The nature and laws of this electromagnetic action will be discussed when we come to the fourth part of this treatise. What we are concerned with at present is the fact that the electric current has a magnetic action which is exerted outside the current, and by which its existence can be ascertained and its intensity measured without breaking the circuit or introducing anything into the current itself.

The amount of the magnetic action has been ascertained to be strictly proportional to the strength of the current as measured by the products of electrolysis in the voltameter, and to be quite independent of the nature of the conductor in which the current is flowing, whether it be a metal or an electrolyte.

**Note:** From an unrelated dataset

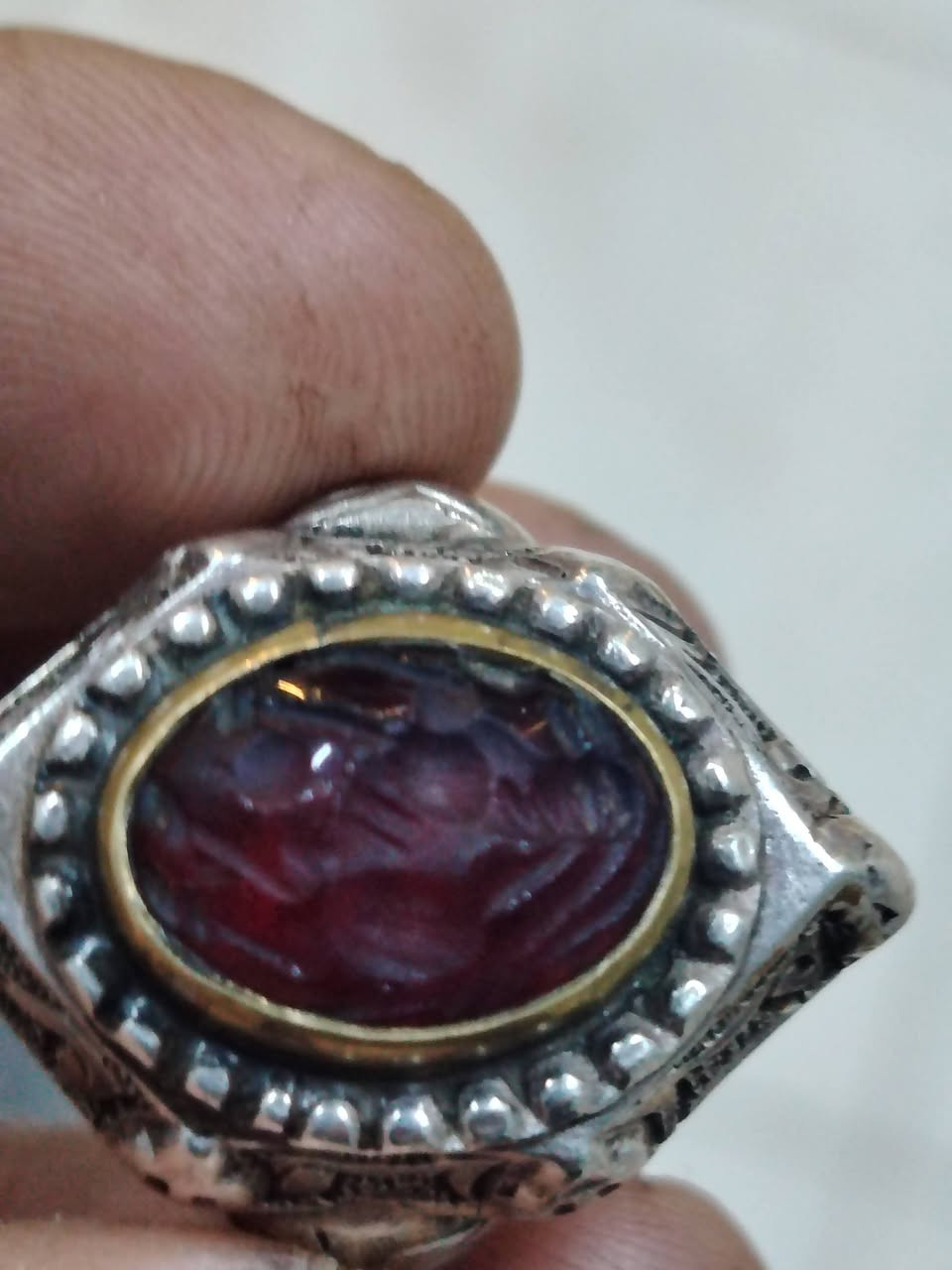 ياقوت مرصود قديم الصوره تتكلم *********** قياس الخاتم  21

240.] An instrument which indicates the strength of an electric current by its magnetic effects is called a Galvanometer.

Galvanometers in general consist of one or more coils of silk-covered wire within which a magnet is suspended with its axis horizontal. When a current is passed through the wire the magnet tends to set itself with its axis perpendicular to the plane of the coils. If we suppose the plane of the coils to be placed parallel to the plane of the earth's equator, and the current to flow round the coil from east to west in the direction of the apparent motion of the sun, then the magnet within will tend to set itself with its magnetization in the same direction as that of the earth considered as a great magnet, the north pole of the earth being similar to that end of the compass needle which points south.

The galvanometer is the most convenient instrument for measuring the strength of electric currents. We shall therefore assume the possibility of constructing such an instrument in studying the laws of these currents, reserving the discussion of the principles of the instrument for our fourth part. When therefore we say that an electric current is of a certain strength we suppose that the measurement is effected by the galvanometer.